Data records:
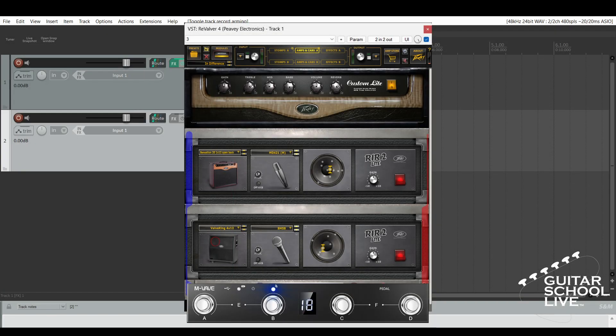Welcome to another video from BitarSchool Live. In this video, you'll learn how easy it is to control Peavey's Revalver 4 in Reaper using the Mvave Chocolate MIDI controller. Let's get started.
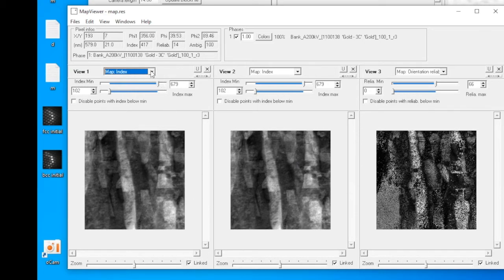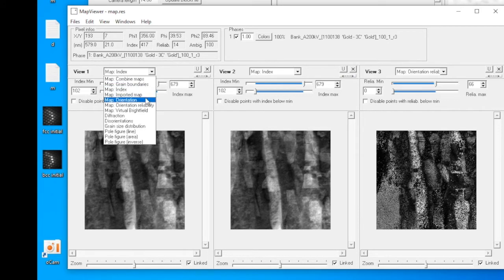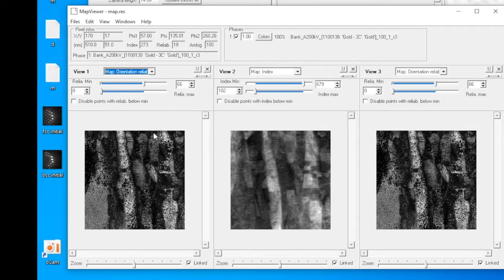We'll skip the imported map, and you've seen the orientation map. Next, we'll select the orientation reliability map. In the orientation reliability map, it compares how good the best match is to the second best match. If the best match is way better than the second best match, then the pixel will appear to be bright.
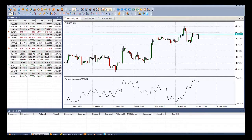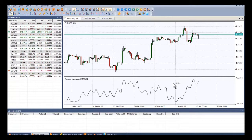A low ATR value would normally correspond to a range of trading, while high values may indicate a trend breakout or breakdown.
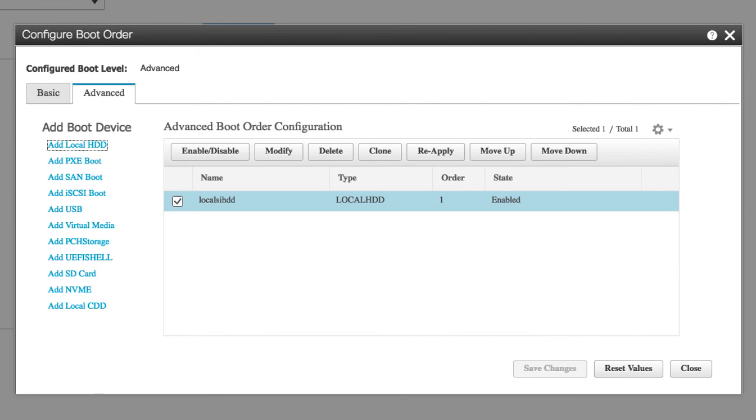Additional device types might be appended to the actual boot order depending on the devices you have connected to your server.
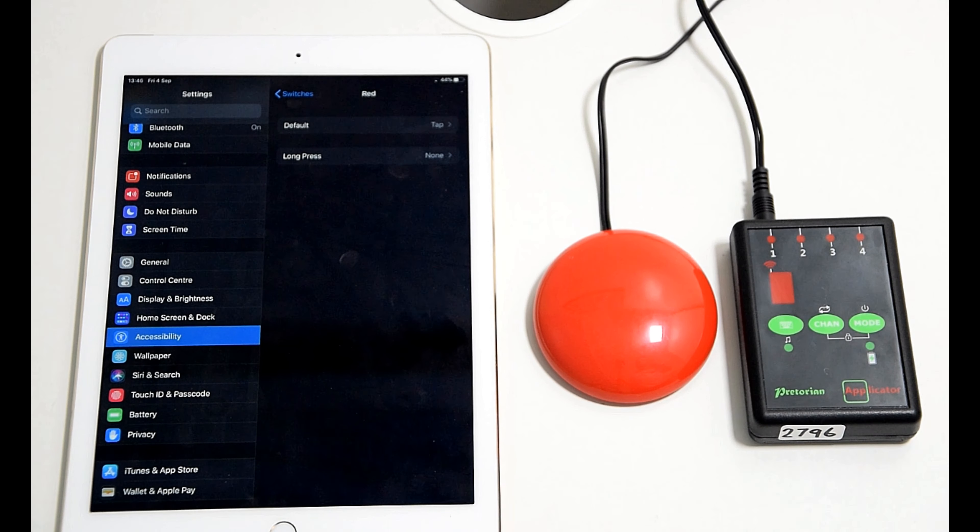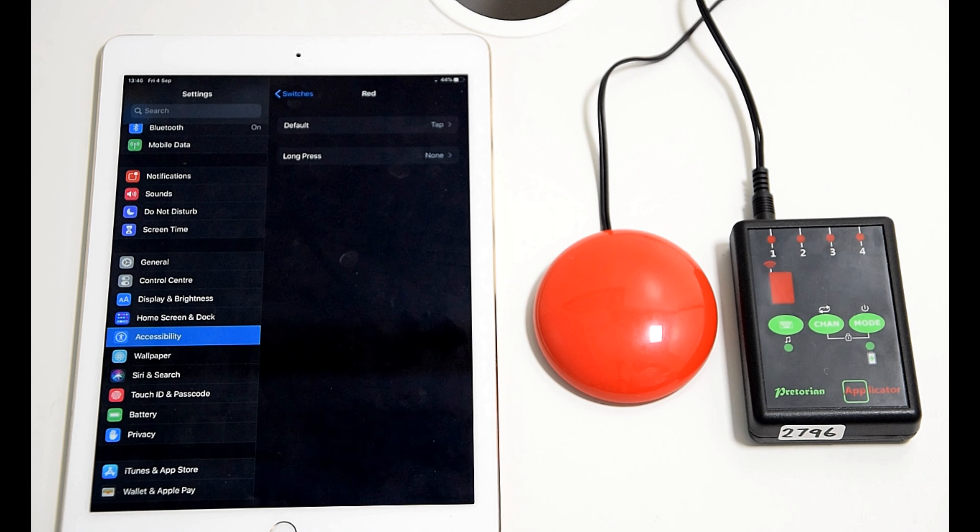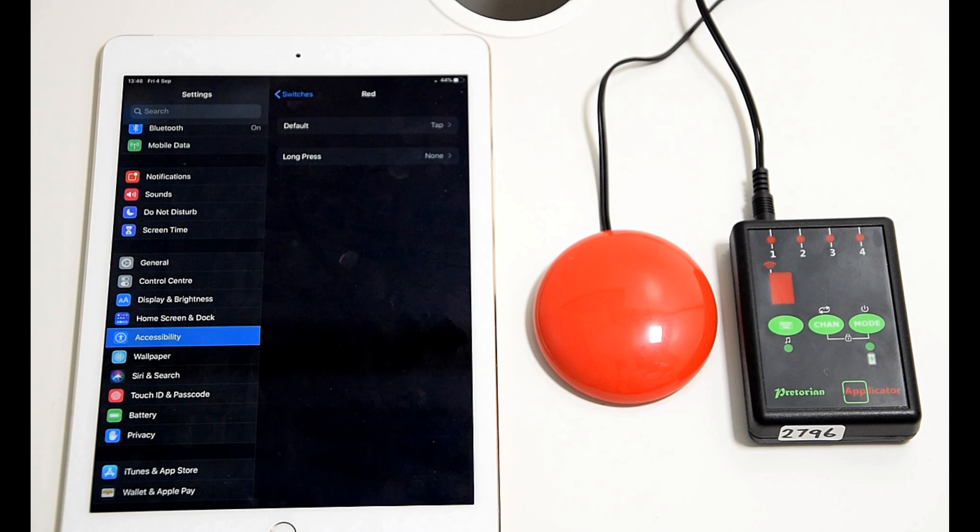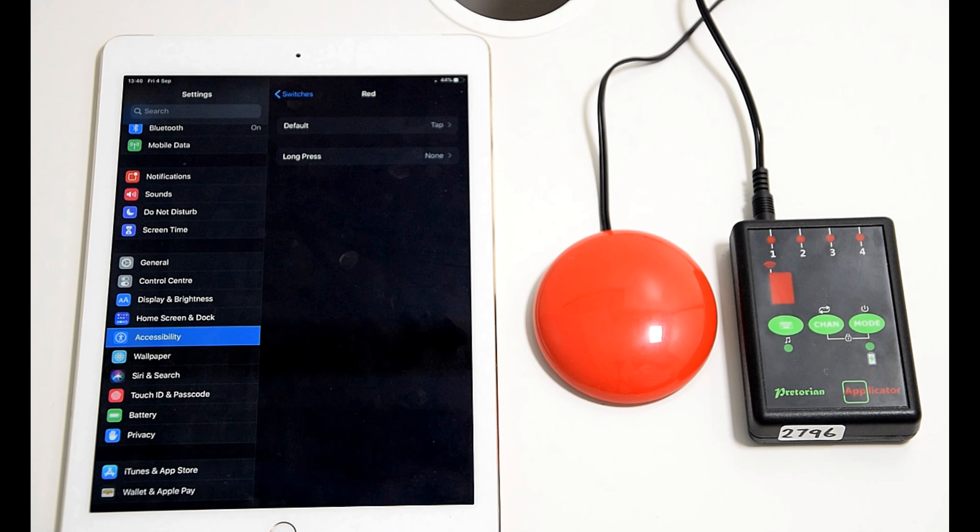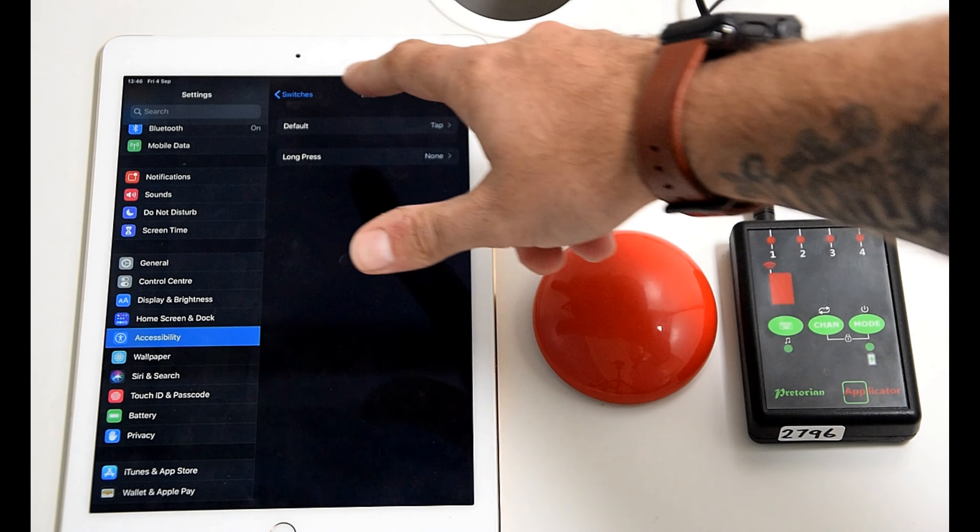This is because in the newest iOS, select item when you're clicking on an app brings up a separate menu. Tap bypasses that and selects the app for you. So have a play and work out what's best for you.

...

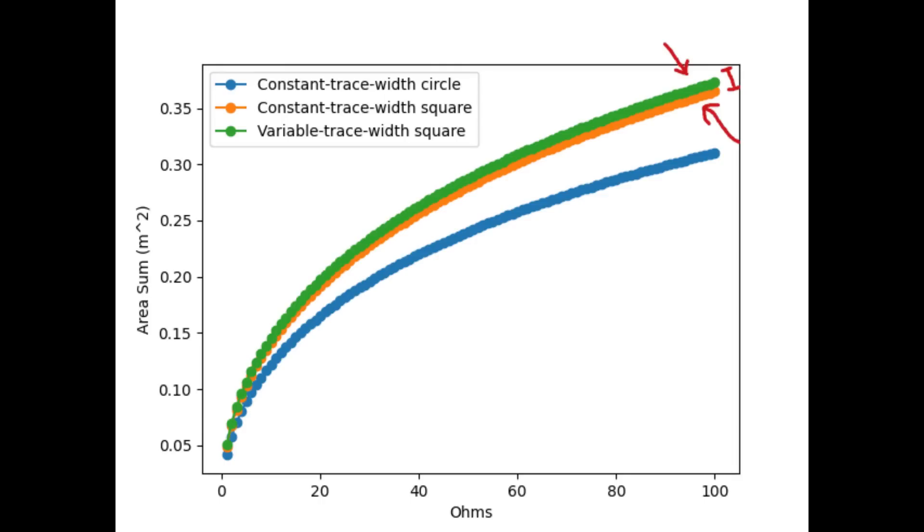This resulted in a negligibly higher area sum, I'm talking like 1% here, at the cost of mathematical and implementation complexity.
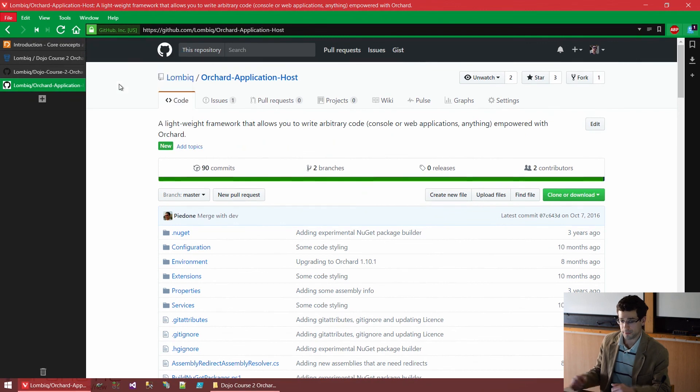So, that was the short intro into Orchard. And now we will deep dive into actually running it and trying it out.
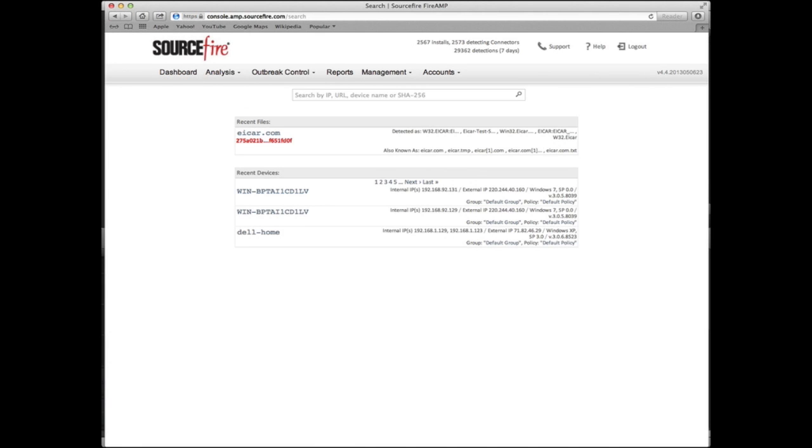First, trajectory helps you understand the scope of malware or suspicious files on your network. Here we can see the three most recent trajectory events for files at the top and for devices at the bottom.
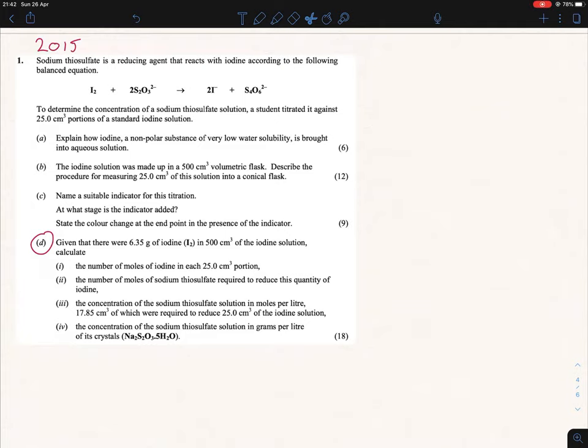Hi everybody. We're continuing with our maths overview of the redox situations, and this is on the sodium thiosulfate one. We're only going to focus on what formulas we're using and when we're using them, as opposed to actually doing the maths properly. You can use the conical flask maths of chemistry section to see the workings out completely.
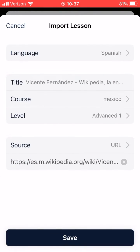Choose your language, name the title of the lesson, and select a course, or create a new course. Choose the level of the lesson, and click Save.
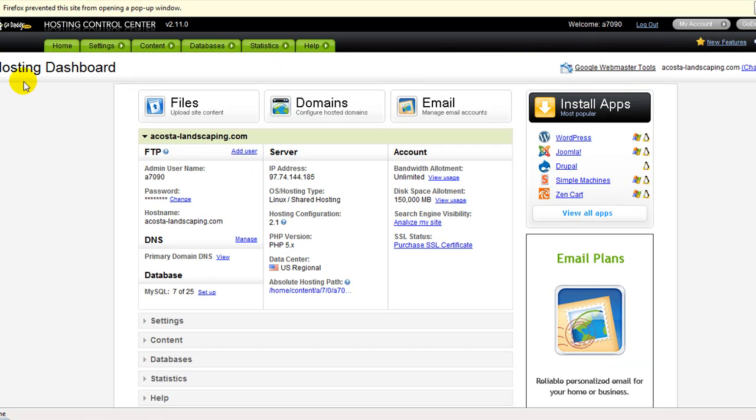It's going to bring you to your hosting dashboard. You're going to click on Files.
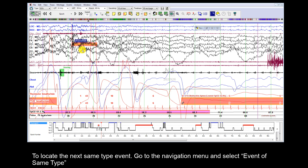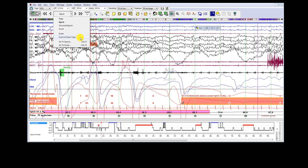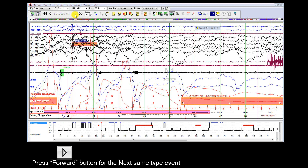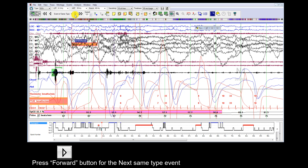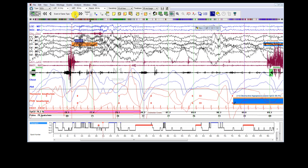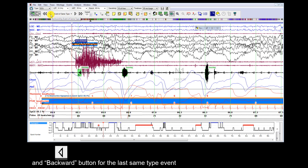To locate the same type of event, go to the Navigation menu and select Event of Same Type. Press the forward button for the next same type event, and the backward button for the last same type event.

...

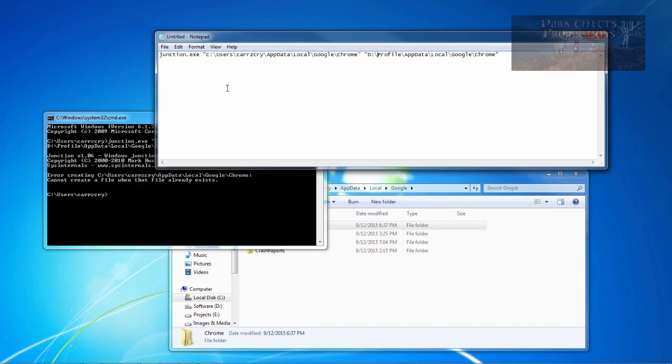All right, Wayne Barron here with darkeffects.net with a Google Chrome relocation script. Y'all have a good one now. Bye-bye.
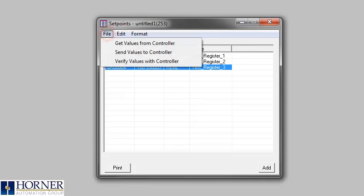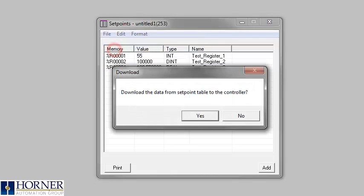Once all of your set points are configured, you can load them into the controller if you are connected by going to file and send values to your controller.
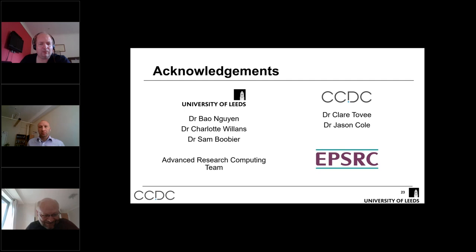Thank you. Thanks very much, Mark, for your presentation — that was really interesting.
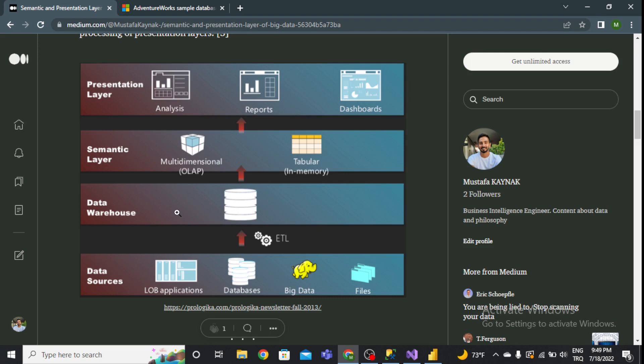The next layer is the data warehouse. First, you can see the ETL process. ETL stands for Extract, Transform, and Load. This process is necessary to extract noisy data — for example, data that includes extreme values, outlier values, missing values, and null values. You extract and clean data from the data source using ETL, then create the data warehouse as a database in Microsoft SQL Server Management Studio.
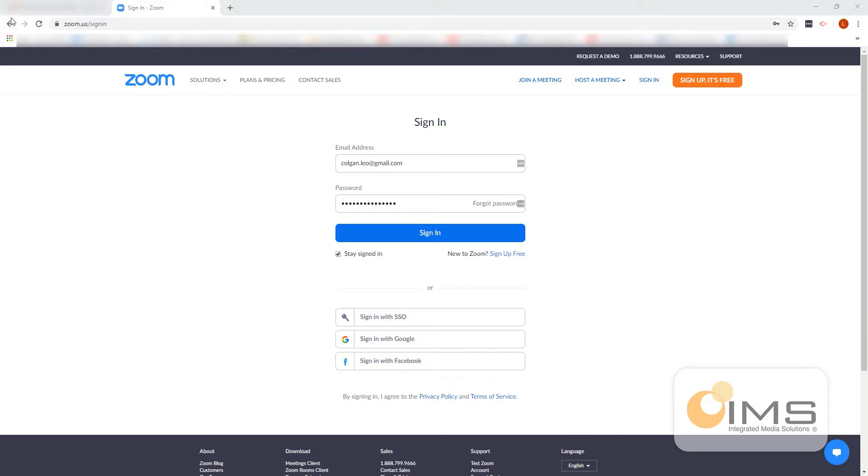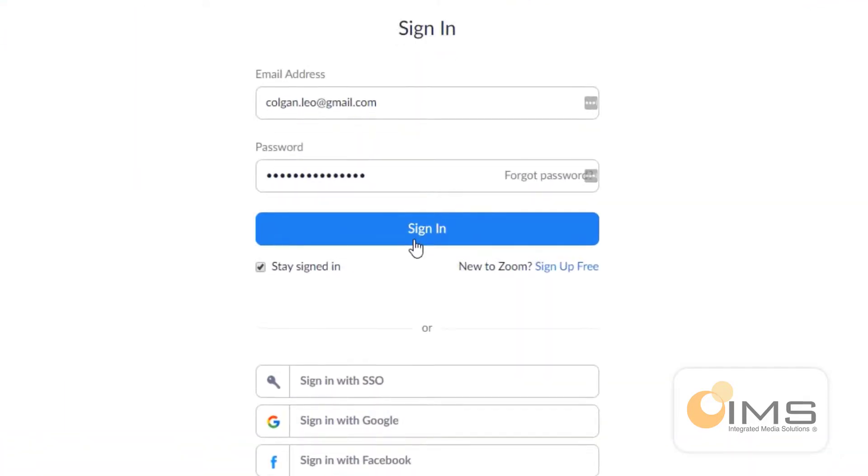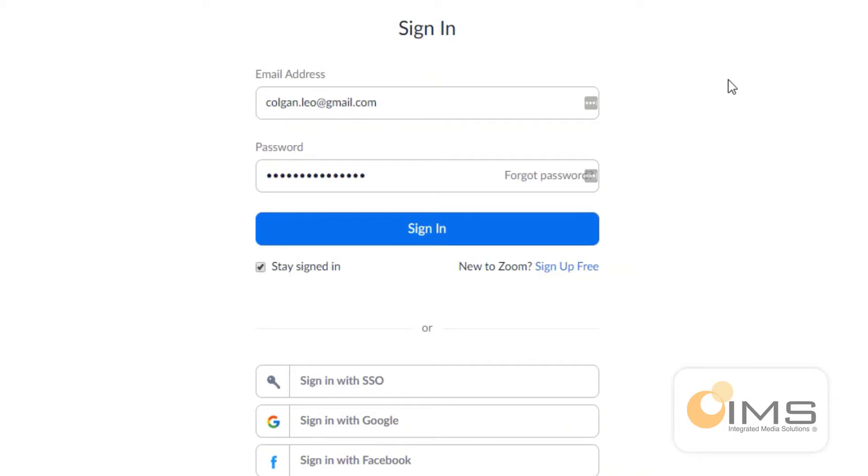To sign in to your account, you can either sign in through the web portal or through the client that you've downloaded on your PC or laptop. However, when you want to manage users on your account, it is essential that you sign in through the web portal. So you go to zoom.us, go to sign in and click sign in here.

Exercise: Output exactly the lines above, beginning at the one with "First, trajectory helps" and stopping after the one with "To locate the". Pictures are to be omitted.

Exercise output:
First, trajectory helps you understand the scope of malware or suspicious files on your network. Here we can see the three most recent trajectory events for files at the top and for devices at the bottom.
Hi everybody. We're continuing with our maths overview of the redox situations, and this is on the sodium thiosulfate one. We're only going to focus on what formulas we're using and when we're using them, as opposed to actually doing the maths properly. You can use the conical flask maths of chemistry section to see the workings out completely.
Choose your language, name the title of the lesson, and select a course, or create a new course. Choose the level of the lesson, and click Save.
It's going to bring you to your hosting dashboard. You're going to click on Files.
To locate the same type of event, go to the Navigation menu and select Event of Same Type. Press the forward button for the next same type event, and the backward button for the last same type event.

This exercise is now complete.